WORK ORDER: Using the material that follows, output exactly the lines from the one containing "ManufactuereYellow Strong Nylon" through the one containing "Off-White T-Shirts Short", with both ends kept.

DATA RECORDS:
################
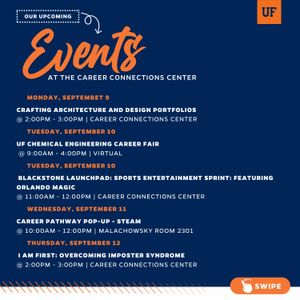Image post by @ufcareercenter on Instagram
################
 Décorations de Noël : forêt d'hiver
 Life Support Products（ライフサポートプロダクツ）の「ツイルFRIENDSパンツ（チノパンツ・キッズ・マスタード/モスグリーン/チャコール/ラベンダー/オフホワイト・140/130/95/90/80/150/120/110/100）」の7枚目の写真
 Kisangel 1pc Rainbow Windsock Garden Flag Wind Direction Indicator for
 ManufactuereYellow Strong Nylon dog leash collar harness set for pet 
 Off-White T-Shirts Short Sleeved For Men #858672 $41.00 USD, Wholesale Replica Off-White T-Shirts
################
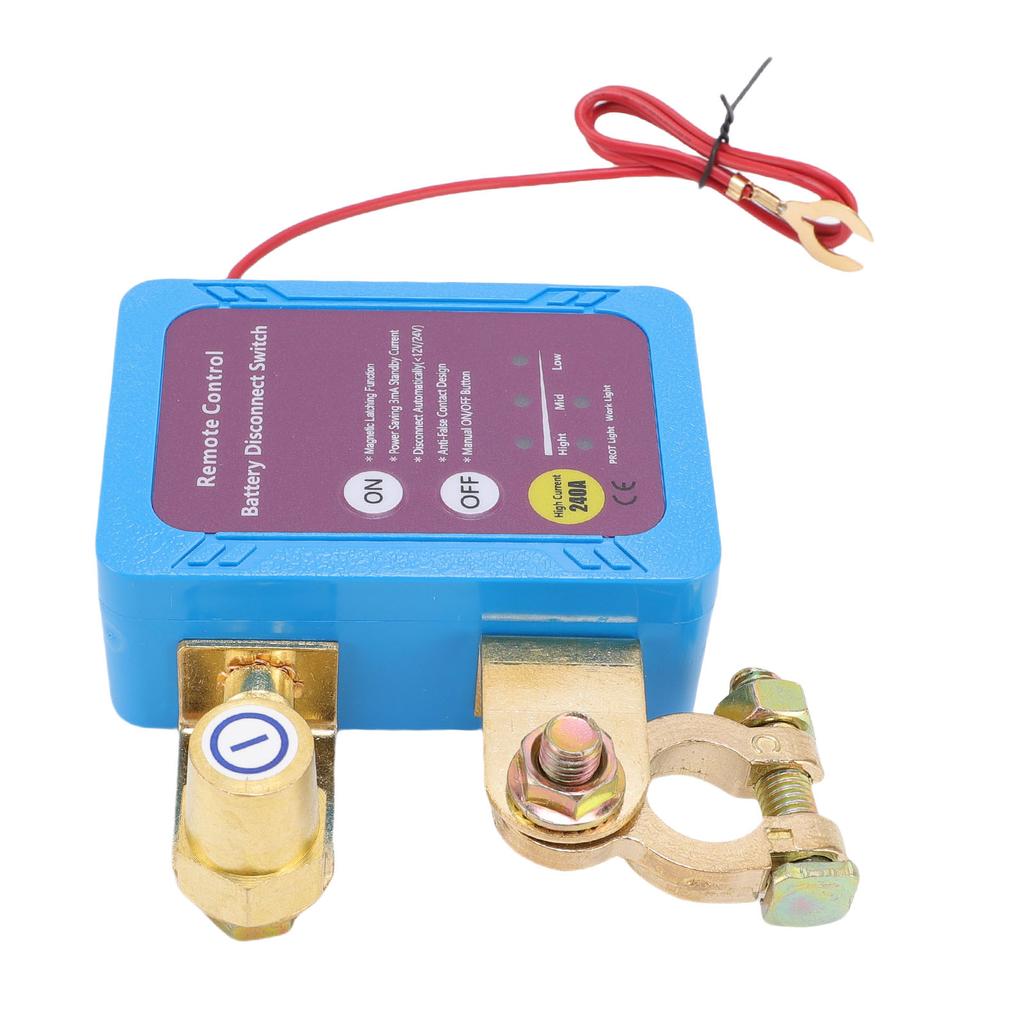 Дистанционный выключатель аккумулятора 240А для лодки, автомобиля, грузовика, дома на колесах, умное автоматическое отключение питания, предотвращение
################
SOLUTION TO THE PROBLEM:
 ManufactuereYellow Strong Nylon dog leash collar harness set for pet 
 Off-White T-Shirts Short Sleeved For Men #858672 $41.00 USD, Wholesale Replica Off-White T-Shirts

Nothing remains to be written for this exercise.